Accordingly, we employed a biosensor of PLC-stimulated diacylglycerol (DAG) production consisting of GFP fused to the DAG-binding C1 domain of PKC (EGFP-N1-PKCC1A or GFP-C1), which translocates from the cytoplasm to the plasma membrane in response to DAG production via PLC action (64). We expressed GFP-C1 by adenoviral infection of primary aortic smooth muscle cells from wild type and RGS2^-/- mice. Cells were analyzed 3 days after infection by confocal fluorescence video microscopy to follow the time course of AVP-stimulated DAG production in the absence or presence of 8-cPT-cGMP.

Fig. 3 shows representative frames of movies (movies are available in the Supplemental materials) of AVP-stimulated GFP-C1 translocation in AVP-stimulated wild type and RGS2^-/- aortic VSMCs. In the absence of 8-pCPT-cGMP, GFP-C1 translocated efficiently to the plasma membrane when wild type or RGS2^-/- cells were stimulated with AVP. These cells also exhibited AVP-stimulated membrane ruffling and microspike formation (see movies in the supplemental materials). In contrast, in wild type cells pretreated with 8-pCPT-cGMP, AVP failed to trigger translocation of GFP-C1 or cell shape changes (see Fig. 3 and supplemental materials). Strikingly, however, in RGS2^-/- cells treated with 8-pCPT-cGMP, AVP stimulated robust translocation of C1-GFP and membrane ruffling (Fig. 3 and supplemental materials). Therefore, RGS2 is required for cGMP-mediated inhibition of AVP-stimulated PLC activation and consequent cell shape changes.

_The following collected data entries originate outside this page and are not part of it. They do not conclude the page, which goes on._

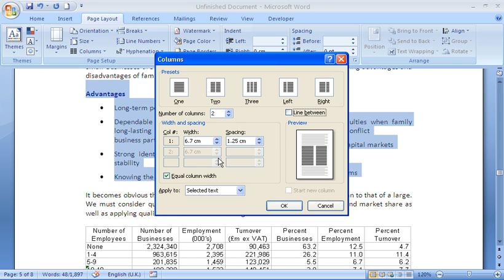There are also options in here to change the width and spacing. By default, when you apply columns, they're always of equal width, so at the moment both columns are 6.7 centimeters with a little gap in between.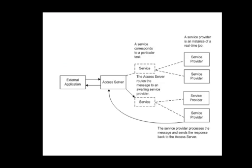Finally, what we're going to look at here is a diagram of what's actually happening. You can see on the left-hand side, your external application sends a message to the data service access server. The access server reads this incoming message and delegates it to the proper service or the real-time job that you've created. And then when it's complete, you send the message back to the access server, which in turn returns it to the external application.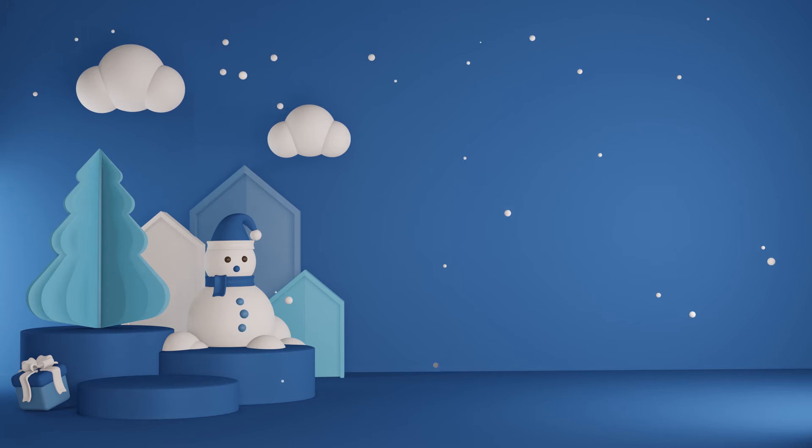P is for pet, p, p, pet. Q is for queen, q, q, queen.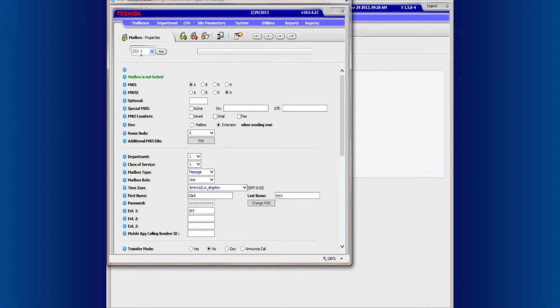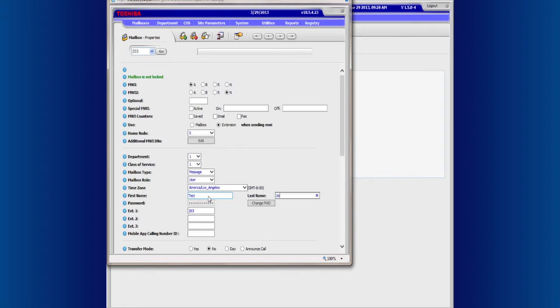Here at the top, it is selected 203 already, but if it does not, enter the extension that you are working with. And down here where it says First and Last Name, put in the new user's name. And then click on the disk at the top to save.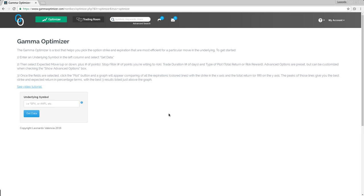Hello to all of the members of the Gamma Optimizer Trading Room. Welcome back. This is my second tutorial. It has been quite some time since the first one. I hope you're having fun playing with the Optimizer.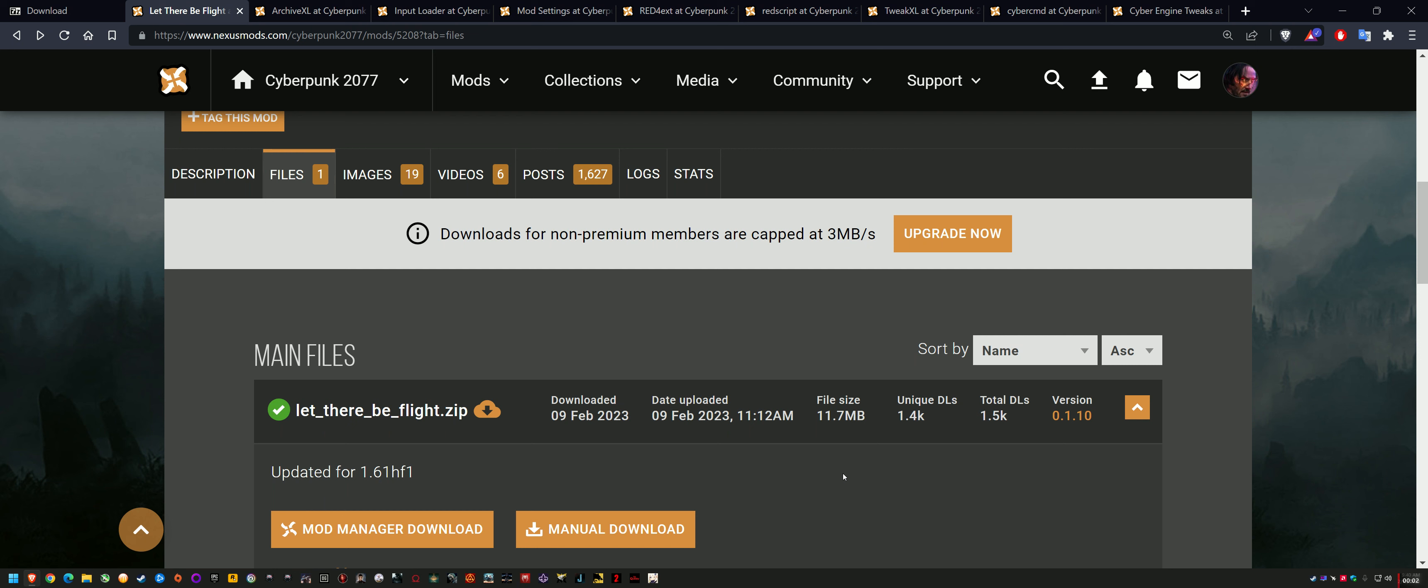What's up guys, just a heads up for people that follow my channel. Let There Be Flight has finally been updated for hotfix 1.61, which was the DLSS3 hotfix on February 2nd, and now it is working as of the 9th of Feb. So that's just a heads up for everyone.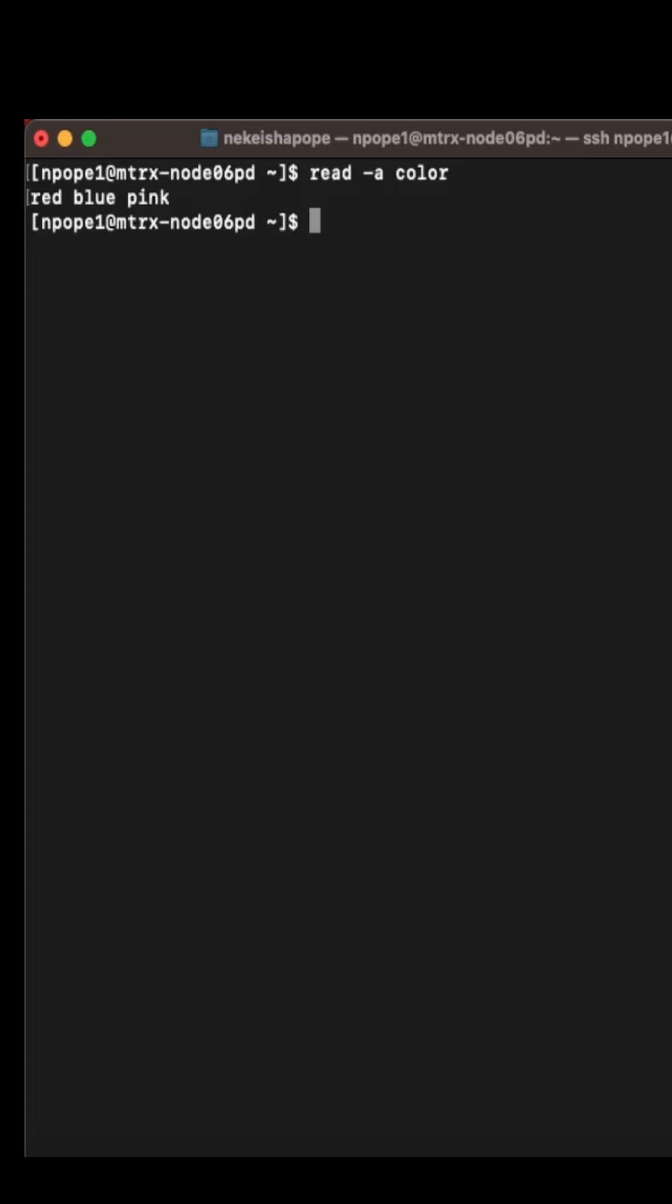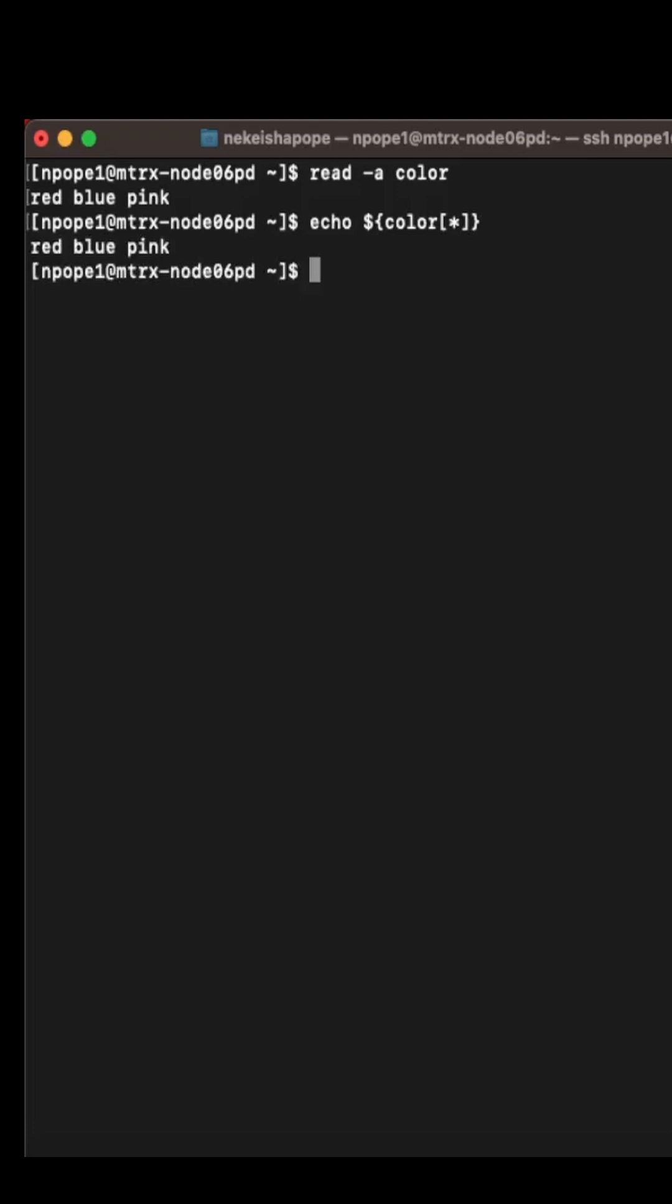If you want to get back the values in the array, you can use the echo command. For the echo command, you have to use the dollar sign, curly braces, the name of the array. Inside of bracket, you can use the star. Star means to print every value in the array. And I hit enter. I get back everything that is inside of the array.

cGK Inhibition Attenuates RGS2 Degradation in Vascular Smooth Muscle Cells—To determine whether cGKI-mediated phosphorylation regulates RGS2 function in cells by mechanisms other than by increasing its GAP activity, we transfected A7r5 vascular smooth muscle cells with a plasmid that co-expresses a functional Myc-tagged form of RGS2 and a variant of green fluorescent protein (VENUS). This approach allowed us to determine efficiency of transfection and normalize expression of RGS2-myc relative to VENUS for studies of protein degradation rates. A7r5 cells were used instead of primary mouse aortic smooth muscle cells, because protein degradation studies required large numbers of cells.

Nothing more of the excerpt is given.